Winner : Charles Goodwin Sands Memorial Thesis Award for exceptional merit in architecture
Nomination : Michael Rapuano Memorial Award for design excellence
Research Study : Hunter R. Rawlings III Cornell Presidential Research Scholarship
On May 29th, 1993, four Neo-Nazi skinheads set ablaze the freestanding home of the Genç family in Solingen, Germany killing five and maiming fourteen of its residents. With buildings set ablaze, the thesis reevaluates the architectural conception of the signifier over the signified, building as body’s corporeal obliteration, Postmodernism’s assertions of form as meaning, and site’s simultaneous temporal disassociation and contextual-specificity. The thesis uses arson as a method of destruction to formulate a reconstructed architecture, an architecture that will confront the possibilities of meaning without monumentalizing, deconstruction without absolute abstraction, and memory without recapitulation.

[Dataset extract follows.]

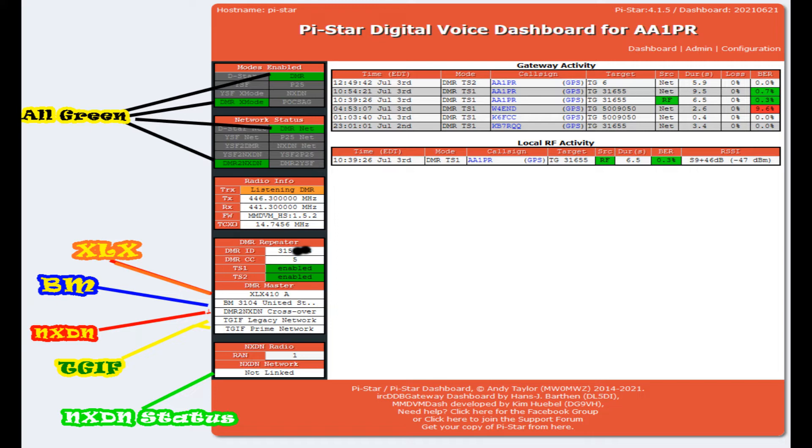NXDN to DMR cross mode is enabled, TGIF both of those legacy and prime, which are now merged into one, probably by the time you see this video. And then down in the white letters with the green highlights, you're going to see that NXDN is enabled but it's not linked. This is what your Pi-Star dashboard should be once it's properly set up.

Using the major sites as an instigator to the arson’s remembrance, the interventions produce a tangential index of the attack’s attributes (gasoline catalysts; automotive travel; bystanders, perpetrators, and victims) all within violence’s production of the standstill or Zwischenzeit. A gas station juxtaposed with a child care center, a firehouse combined with a hostel, and community amphitheater facing a ghost platform produce antithetical actions that realize the incident without recapitulating exactly. By reenacting the event of violence tangentially in the everyday, can the memory of the arson be, if not subconsciously, provoked and replayed through dogmatic, seemingly innocuous, and introspective states.